Selain itu, menurut Ade, kebijakan subsidi tetap, dapat meminimalisir unsur politisasi kebijakan BBM yang dia tengarai kerap terjadi antara pemerintah dan Dewan Perwakilan Rakyat (DPR).

Disinggung mengenai apakah subsidi tetap dapat menuntaskan masalah distribusi subsidi yang selama ini tidak tepat sasaran, Ade tidak menjawab tegas.

Namun, dia mengatakan kebijakan BBM bersubsidi sebaiknnya secara komprehensif harus dikemas dalam peta jalan (road map) yang rinci.

"Sebenarnya kami lebih mengharapkan ada roadmap (peta jalan) BBM ini dijelaskan. Karena setiap ada masalah, pemerintah seperti terlambat bergerak," ujar dia.

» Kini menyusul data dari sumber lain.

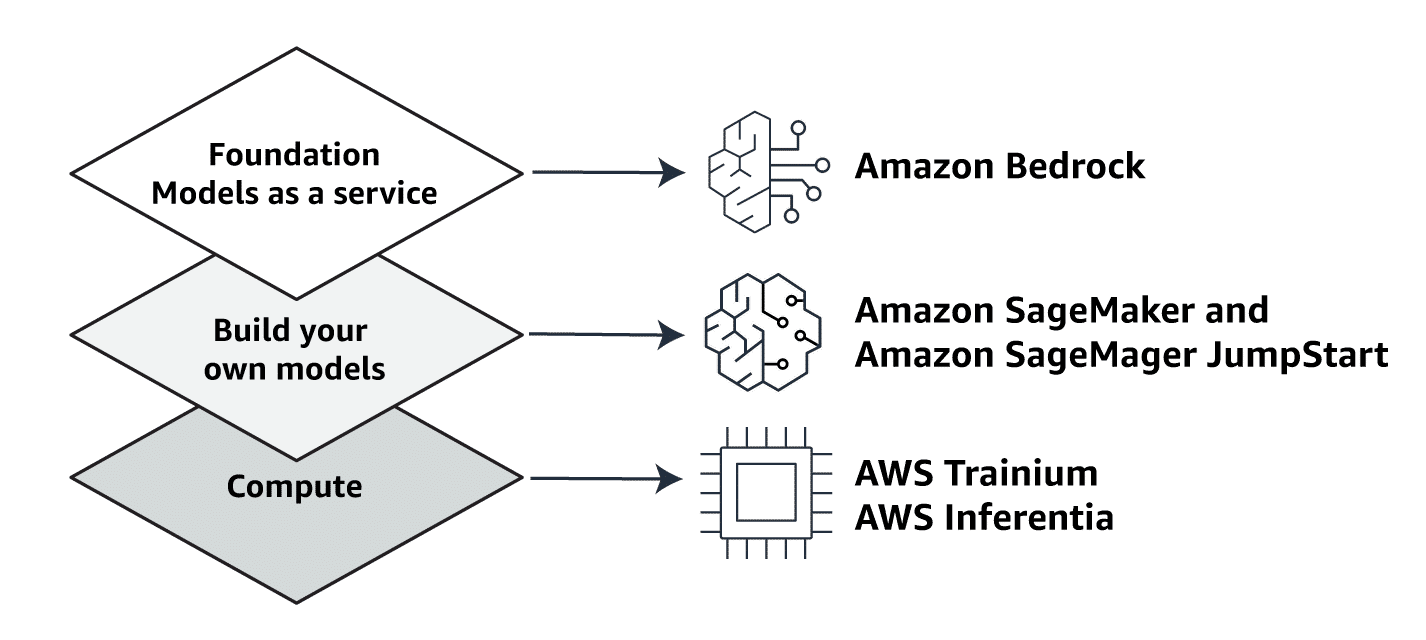 GenAI services on AWS illustration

Salah satu masalah utama pengelolaan subsidi, diakui Ade, adalah distribusi subsidi yang tidak tepat sasaran. Menurut Ade, melihat data di 2013, sebesar 53 persen subsidi justru dinikmati pengendara mobil pribadi, bukan masyarakat miskin atau masyarakat berpenghasilan rendah.

Beberapa pengamat ekonomi sebelumnya mengusulkan skema subsidi yang diberikan langsung ke orang atau masyarakat yang berhak menerimanya, bukan subsidi yang diberikan melalui barang seperti selama ini.

"Lebih baik memang ke orang, karena masalah selama ini, subsidi tidak tepat sasaran," kata Ekonom Universitas Gadjah Mada Tony Prasetiantono.